La precaria legitimidad del primer ministro Ariel Henry ha operado, desde el último tercio del año 2021, como su principal obstáculo en el desempeño de su trabajo al frente del gobierno.
El otro gran obstáculo es Haití.
Es un asunto paradójico que puede ser explicado sin grandes dificultades.
Para enfrentarse con alguna esperanza de éxito a las demandas internas, el señor Henry tendría que contar con una solidaridad internacional militante y extendida en el tiempo, pero ningún gobierno de ningún país debe de comprometer los recursos nacionales sobre la base de las emociones.
En el momento en que se escribe esta nota editorial la administración del señor Henry está siendo vapuleada en las calles de Haití por grupos que representan un serio desafío para su sostenimiento en el poder.
Se puede afirmar, y con razón, que sus contrarios políticos alcanzarían el poder —en el caso de que sus aspiraciones terminen coronadas por el éxito— con el mismo vicio de legitimidad que mina las bases del gobierno actual, pero esta sería una premisa de verdad aparente.
La precaria legitimidad de la actual administración se apoya en la voluntad de un presidente que unos días antes de que fuera asesinado en su residencia de Petionville, en las primeras horas de la madrugada del 7 de julio de 2021, escogió a Henry. En nada más.

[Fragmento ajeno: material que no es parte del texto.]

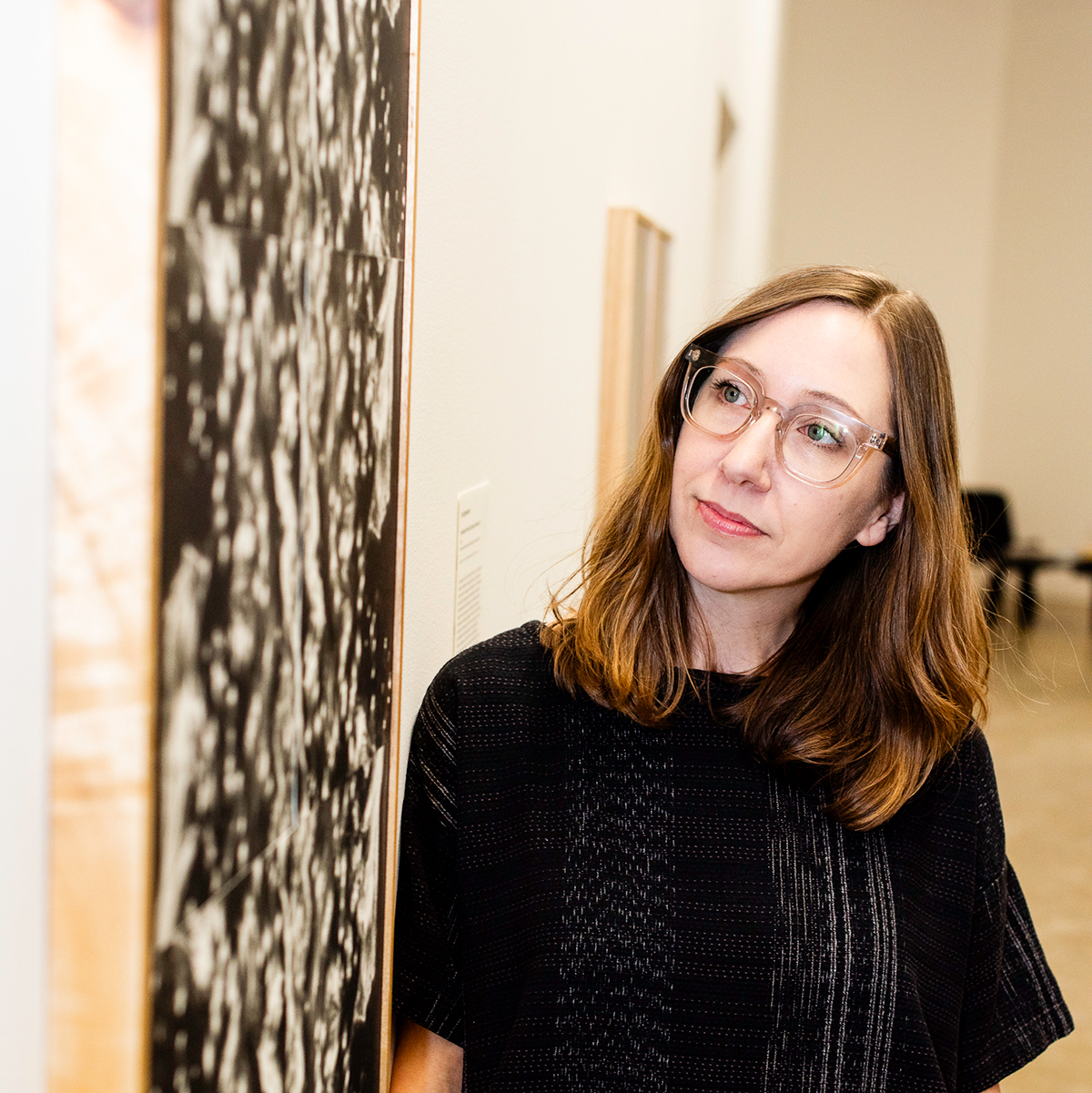 Who is Kimball Art Center Curator Nancy Stoaks? | Southwest Contemporary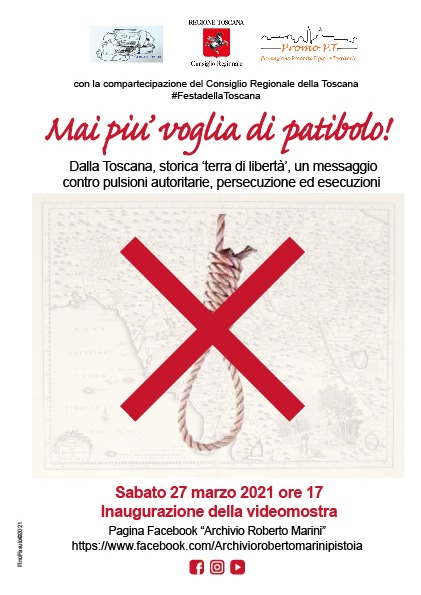 Mai più

              voglia di patibolo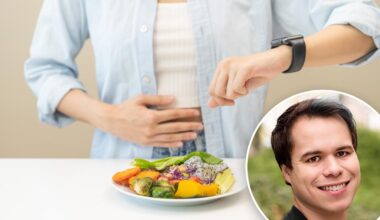 Is this extreme intermittent fasting the key to a long life?
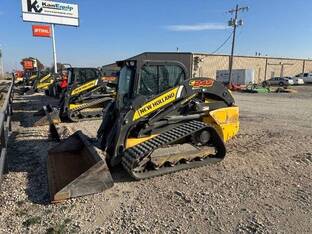 2018 New Holland C245
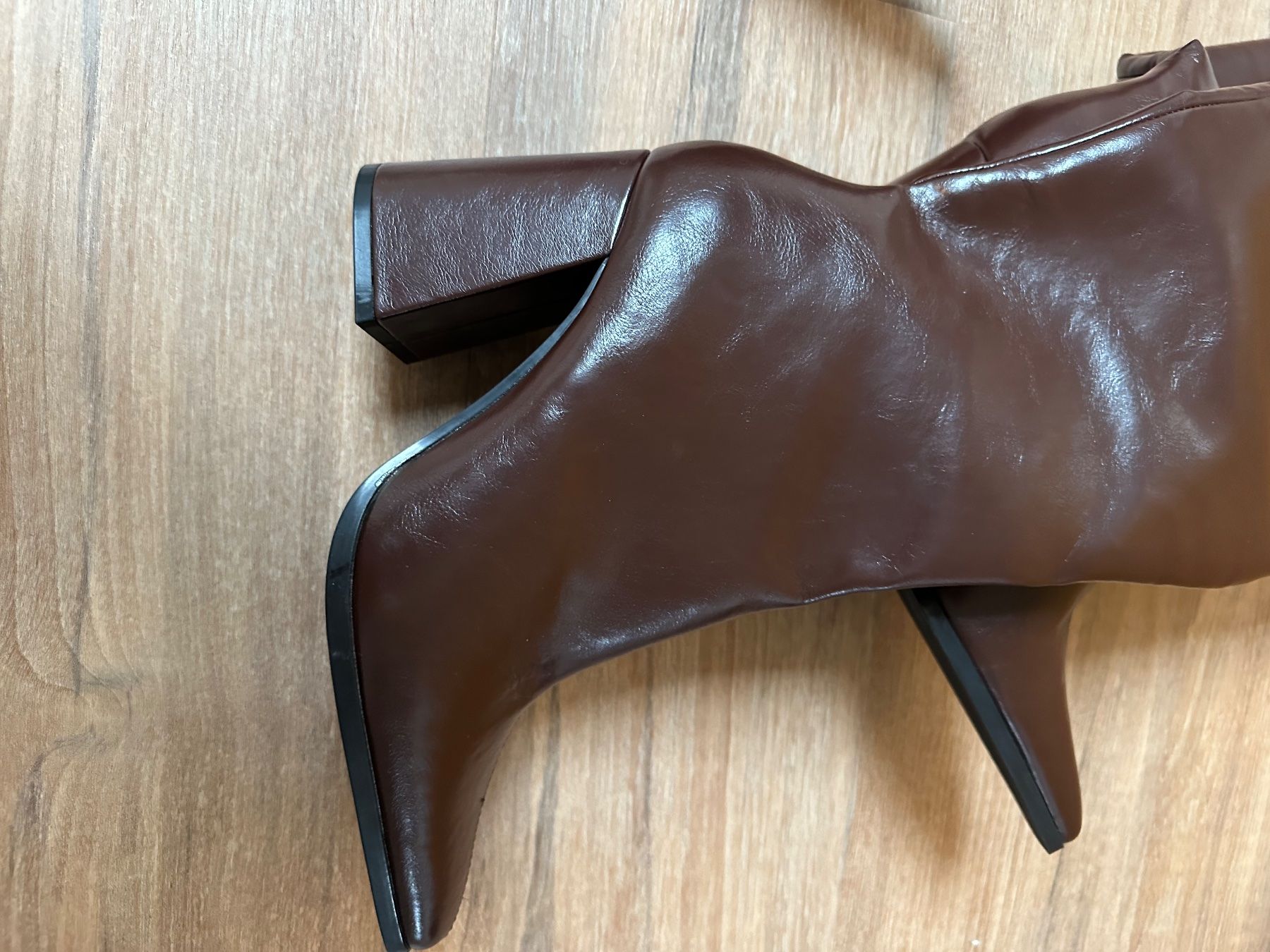 Stradivarius Scarpe da uomo: Bershka Stiefel – Nuovo (secondo la descrizione) da Embrach venduto da lau_kv5d 3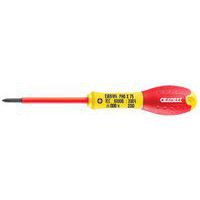 Tournevis isolés 1000 Voltios pour vis Phillips®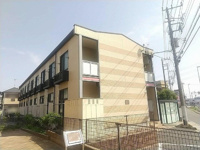 外観です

Ni siquiera en la debida sanción del inoperante Congreso Nacional. La de los otros, en el caso de que llegaran a imponerse, en la insubordinación popular.
En los hechos ninguna de las dos puede ser opuesta a los requerimientos de la política internacional, que deben incluir la administración de fondos de asistencia, la estabilidad y la seguridad de las personas y los bienes.
¿Hasta cuándo se extenderá la crisis de Haití, de los haitianos y la vigilia de sus vecinos?